Herr Büscher, wie ist Komatsu in Hannover durch die Corona-Krise gekommen?
Der Markt ist aktuell sehr, sehr gut. Zu Beginn der Corona-Krise haben wir noch einen aufschiebenden Effekt gespürt. Der Bedarf war zwar unverändert da – das können wir an den GPS-Nutzungsdaten unserer Maschinen ablesen – aber der Auftragseingang war durch eine zeitweilige „Corona-Verunsicherung“ unser Händler und Endkunden deutlich zurückgegangen. Seit Beginn der zweiten Corona-Welle haben wir aber Auftragseingänge in Rekordhöhe. Die resultierende Erhöhung der Produktion brachte aber auch zunehmende Probleme in der Lieferkette mit sich.
Zum Beispiel?
Unsere Lieferanten hatten durch Engpässe beim Rohmaterial, durch Corona und durch Schiffsverspätungen große Schwierigkeiten, pünktlich zu liefern. Durch einen akuten Engpass bei Hydraulik-Komponenten für unsere großen Maschinen standen wir trotz super Auftragslage kurz davor, die Montagebände anhalten zu müssen.

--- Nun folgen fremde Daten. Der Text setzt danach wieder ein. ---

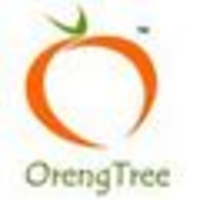 OrengTree Technologies logo, OrengTree Technologies contact details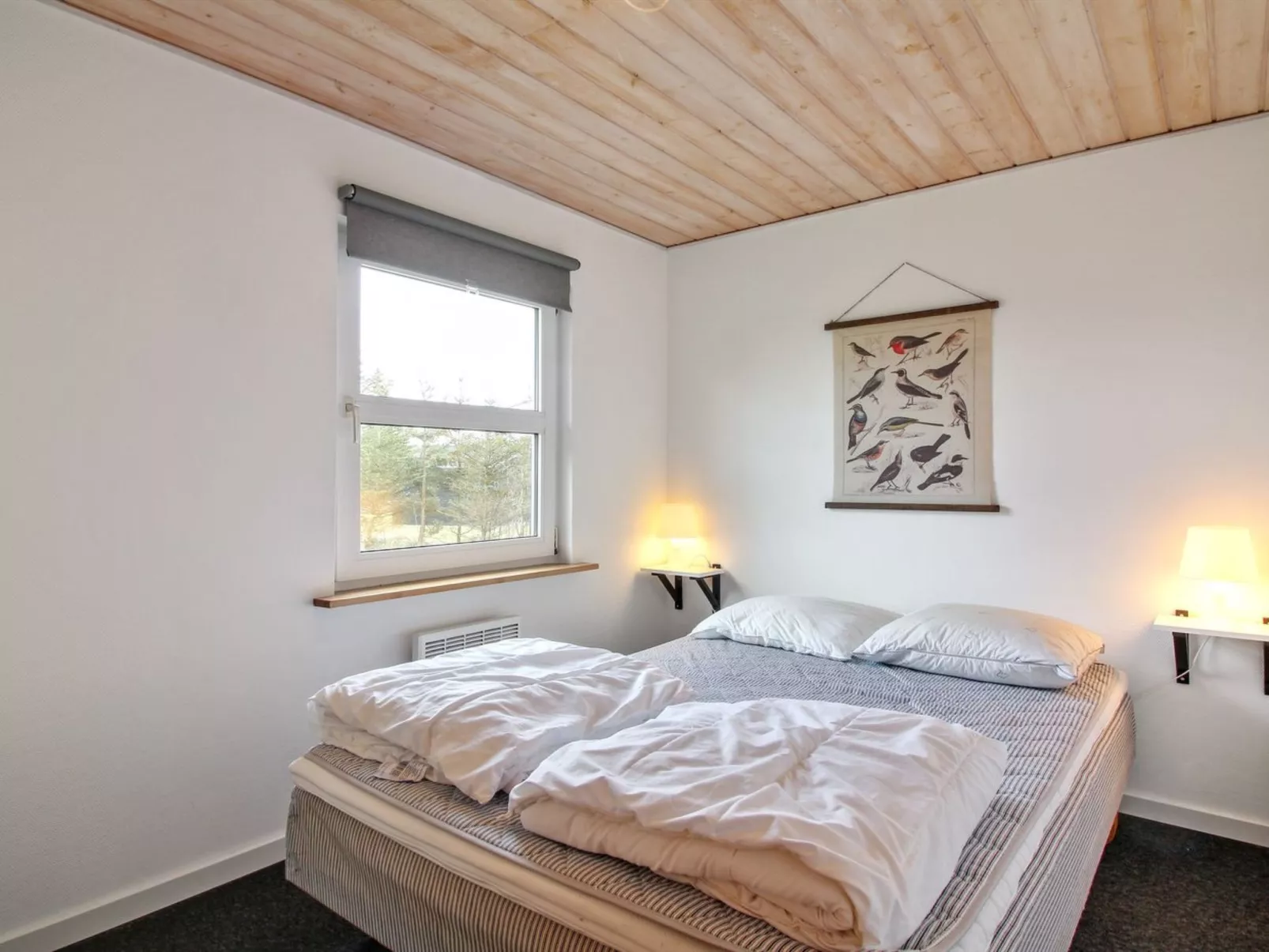 "Lica" - 600m from the sea-Inside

Der neue Slogan von Komatsu lautet nicht ohne grund „Create Value Together“. Dieses Prinzip wird bei uns gelebt – in allen Bereichen.
Ingo Büscher,
Komatsu-Geschäftsführer in Hannover
Wie haben Sie das Problem in den Griff bekommen?
Wir haben sehr kurzfristig die Produktion unserer Kleinradlader vorgezogen, weil wir bei dieser Produktgruppe die kritischen Teile auf Lager hatten. Nur die Fahrerkabinen hatten wir nicht im Bestand. Wir mussten daraufhin unseren in Bayern ansässigen Lieferanten darum bitten, die Produktionsmenge kurzfristig zu verdoppeln.
Warum können Sie wichtige Teile wie etwa die Fahrerkabinen nicht lagern?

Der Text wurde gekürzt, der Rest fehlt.